In premature babies, it is administered through a nasogastric tube. These newborns are a group at risk of being infected by pathogens such as Cronobacter sakazakii. Researchers of the CEU Cardenal Herrera University have studied the optimum conditions to administer human milk through nasogastric tubes to premature babies in newborn nurseries in order to decrease the risk of infection by this bacterium, recommending that it is not administered for more than three and a half hours. Their work has been recognized by the Association for the Promotion and scientific and cultural Research on Breastfeeding (APILAM), as the best of 173 pieces of research submitted to the tenth edition of the Spanish Breastfeeding Congress held in Santiago de Compostela.

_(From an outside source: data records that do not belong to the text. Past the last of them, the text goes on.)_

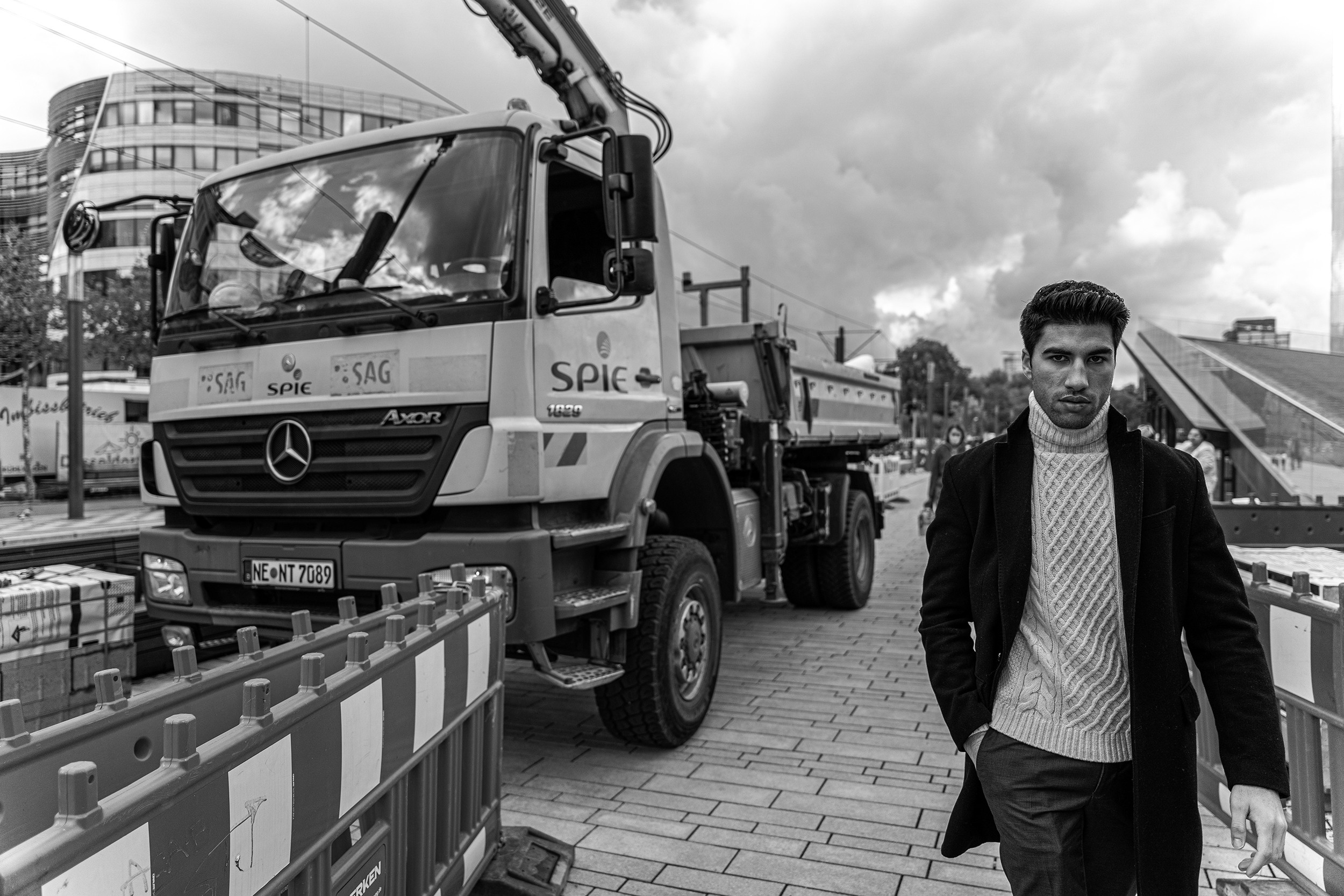 DIAR. Portrait photographer in Germany and all over Europe Mischa Blank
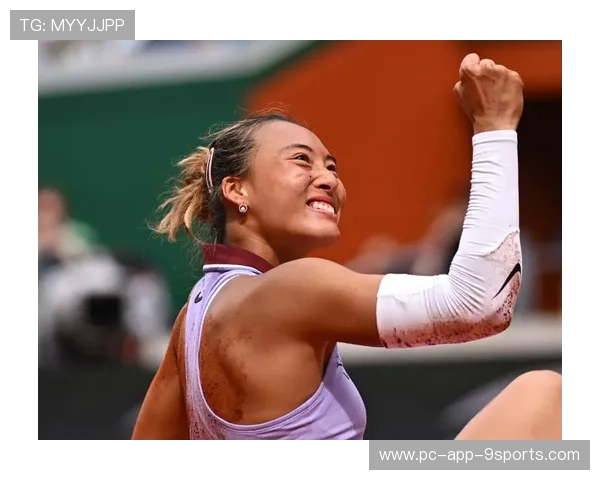 球迷暴动:全运赛场为郑钦文祈福,社媒刷屏情绪高涨 球迷暴动:全运赛场为郑钦文祈福,社媒刷屏情绪高涨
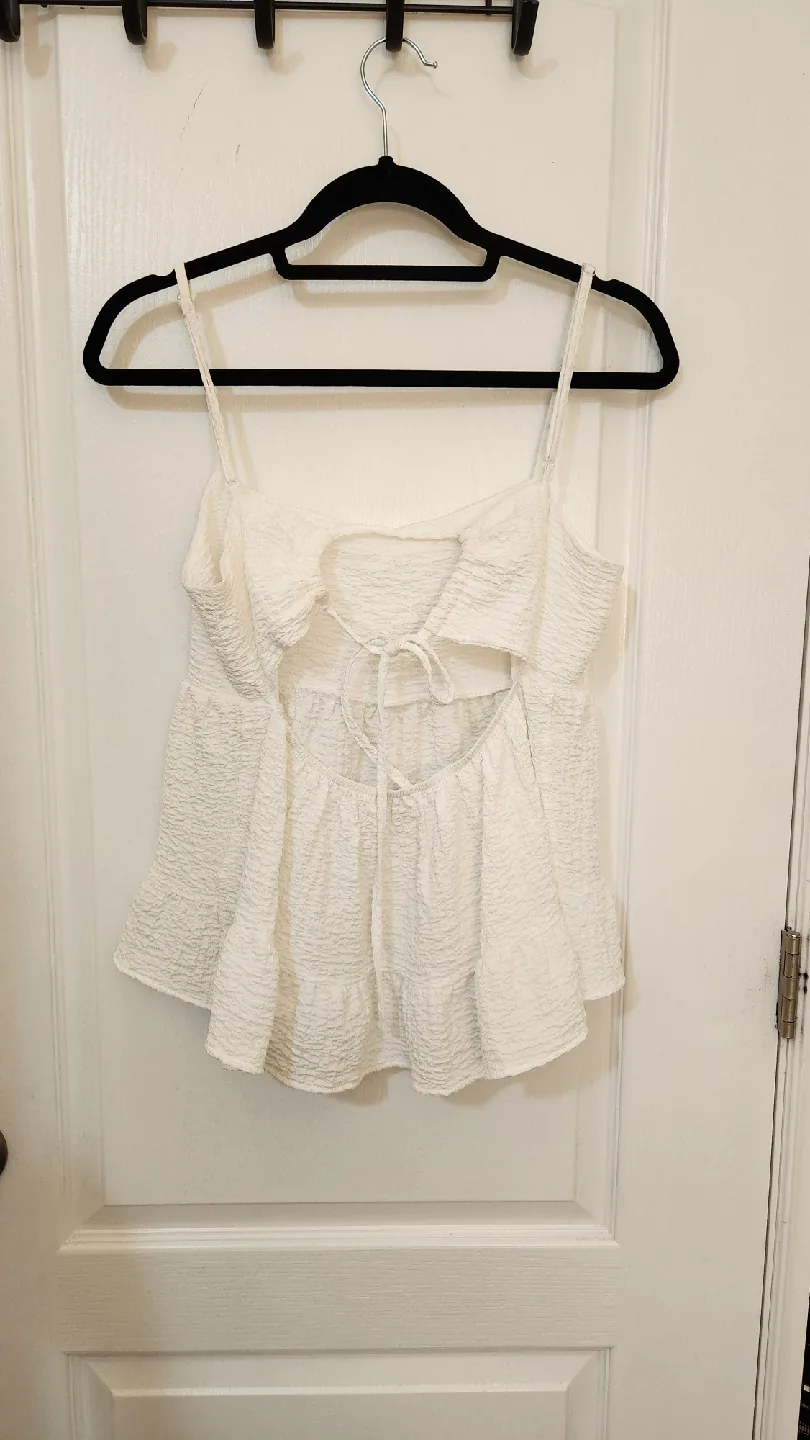 Olé by Koto White Strappy Tank Top - Size 8 image indicator(4)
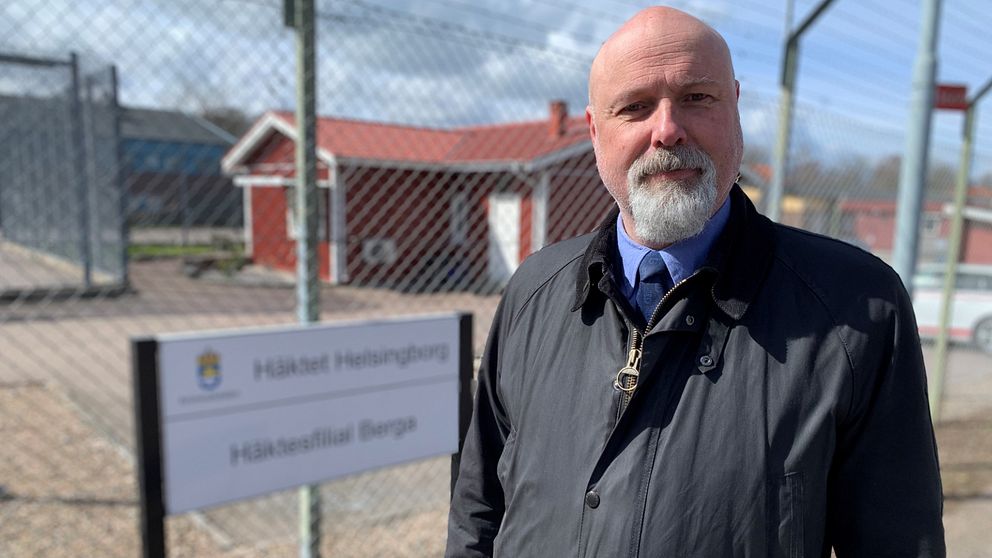 Joachim Moberg, kriminalvårdschef i Helsingborg, utanför häktet på Berga.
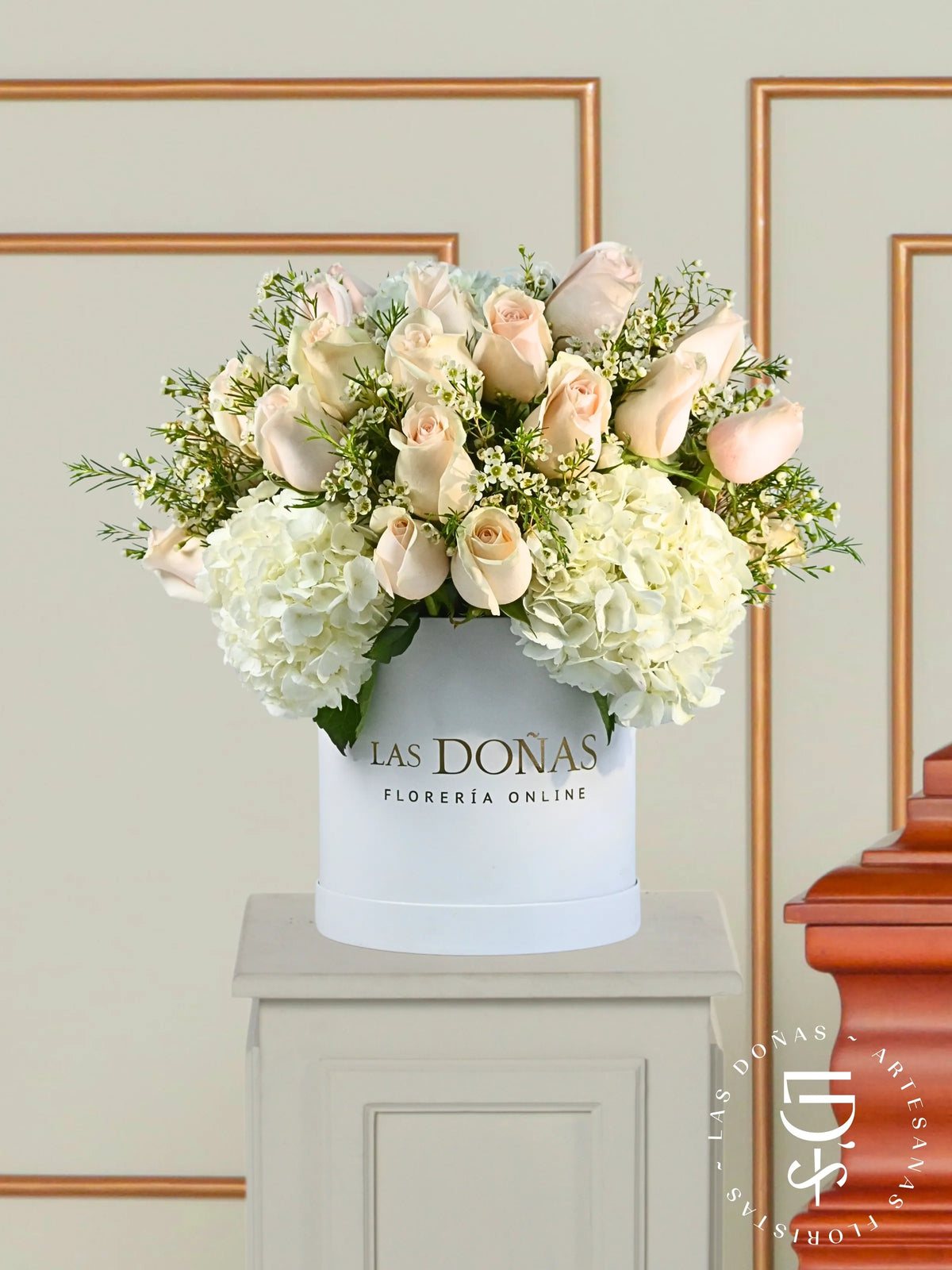 Box Condolencias box floral con 36 rosas blancas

The study has been carried out by the directors of the Resarch Group of Human Nutrition and Food Safety of the CEU UCH, Dolores Silvestre Castelló and Mari Carmen López Mendoza, as well as research professor Sandra Fernández Pastor, who presented the study at the Congress. As the latter explains, "the Cronobacter sakazakii bacterium is a pathogen linked to outbreaks of infection caused by consuming powdered formulas for infants which causes meningitis, sepsis and necrotizing enteritis. Mortality rates of 40 to 80% have been registered, and the survivors typically suffer from severe neurological effects. The contamination of human milk by this same bacterium has recently been documented, which is why we decided to analyze for the first time the optimum conditions for administering this donated milk to premature infants in neonatology units, in order to decrease the risk of infection."
To do so, the research team of the UCH CEU inoculated this microorganism into samples of human milk kept in nasogastric tube administration conditions: 22ºC of temperature and for 4 hours. The samples were then placed on APC agar plates every 30 minutes, and then all the plates were incubated in order to finally recount and observe the behavior of the microorganism during these 4 hours in 30-minute intervals.
We observed that at the 4-hour mark, pathogen cells had doubled compared to the beginning, making the differences significant. Therefore, as well as taking greater hygiene precautions to prevent contamination by the microorganism, we also recommend decreasing the administration time in newborn nurseries to 3.5 hours, before the bacteria starts increasing its proliferation."